Data below:
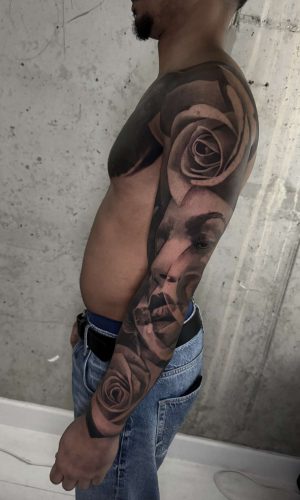 lady roses and skull full sleeve tattoo london uk artist black and grey realism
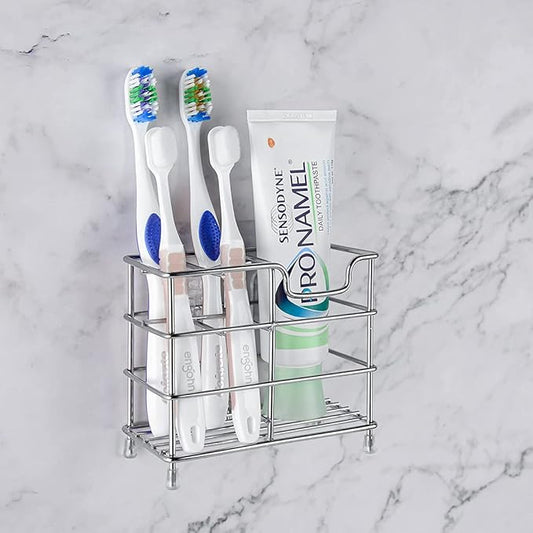 Linkidea Wall Mount Toothbrush Holder for Bathroom, Stainless Steel Stand for Electric Toothbrush, Toothpaste, Razor, Self Adhesive/Countertop 5 Slots Organizer (Chrome)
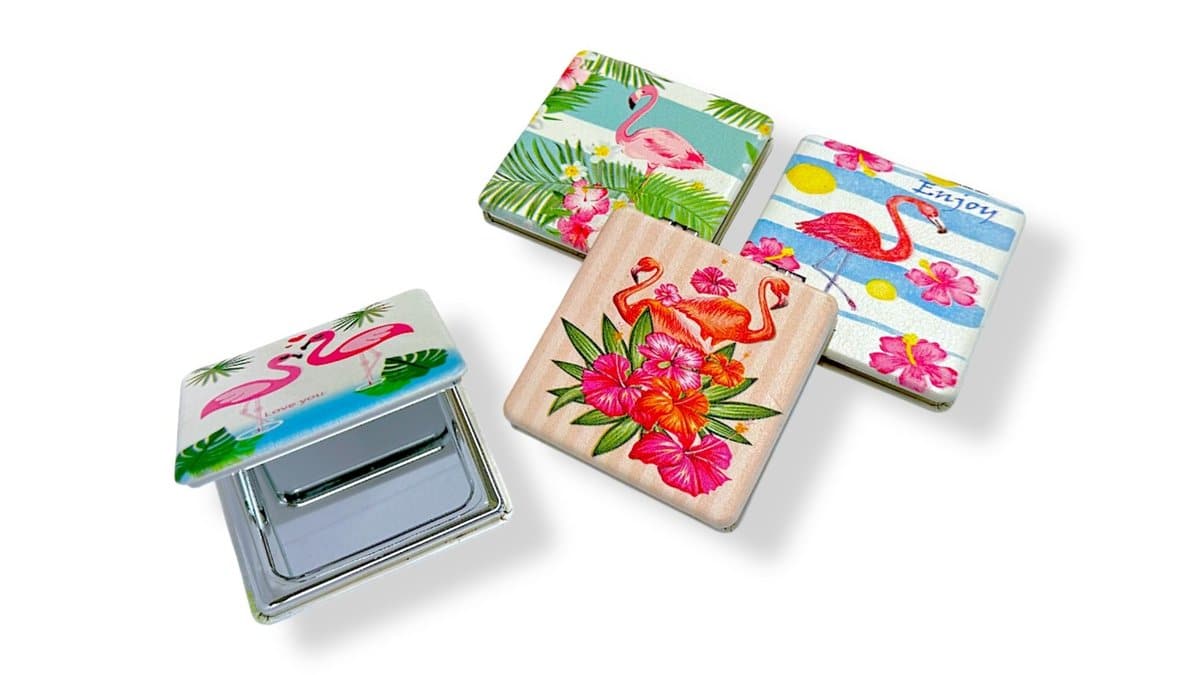 Καθρέφτης Μακιγιαζ Τσάντας Διπλής Όψης X2 Zoom Flamingo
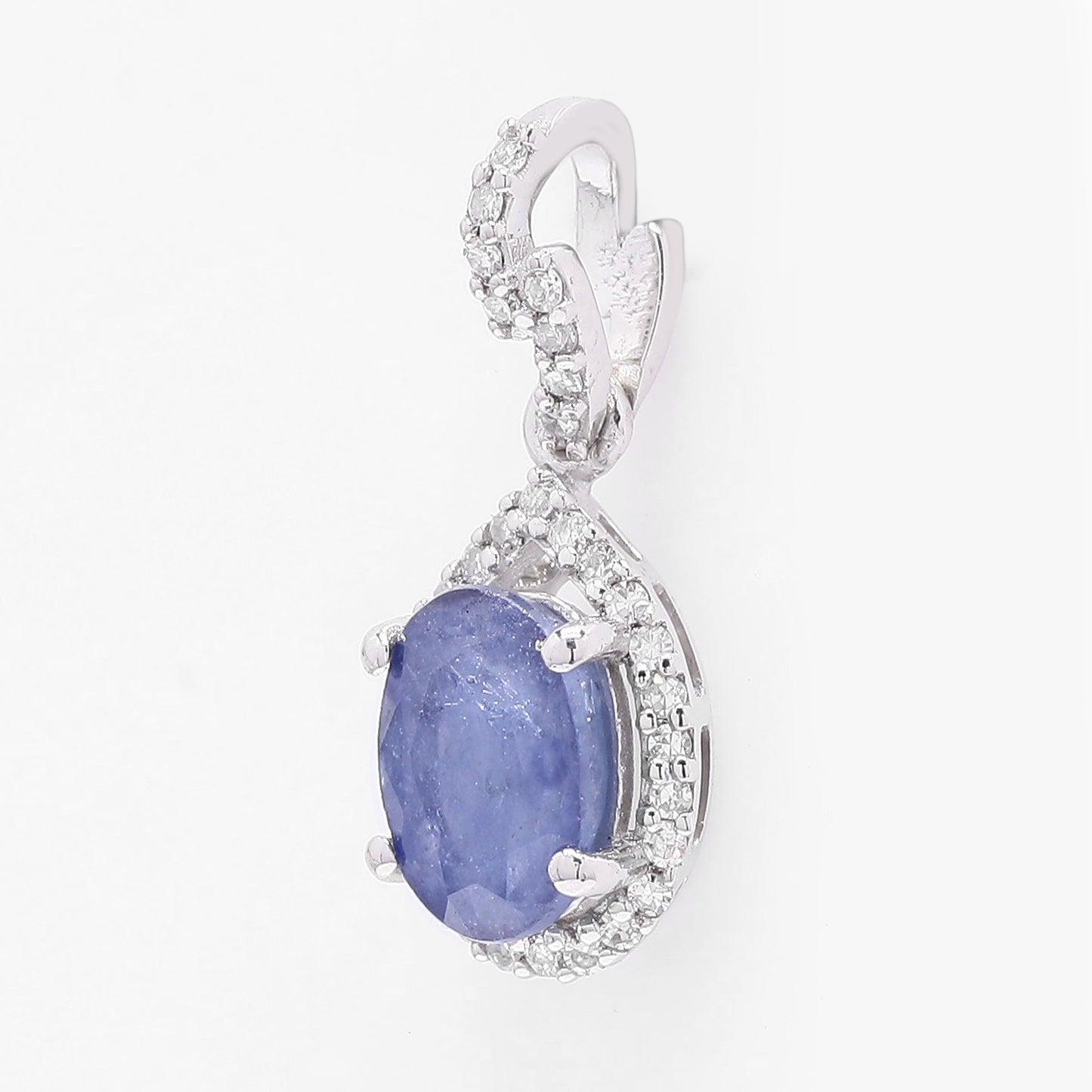 1.34 Ct Oval Mixed Cut Natural Sapphire 950 Platinum Pendant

Work required:
Write out the listing above again, exactly, but with no pictures in the copy.

Response below:
 lady roses and skull full sleeve tattoo london uk artist black and grey realism
 Linkidea Wall Mount Toothbrush Holder for Bathroom, Stainless Steel Stand for Electric Toothbrush, Toothpaste, Razor, Self Adhesive/Countertop 5 Slots Organizer (Chrome)
 Καθρέφτης Μακιγιαζ Τσάντας Διπλής Όψης X2 Zoom Flamingo
 1.34 Ct Oval Mixed Cut Natural Sapphire 950 Platinum Pendant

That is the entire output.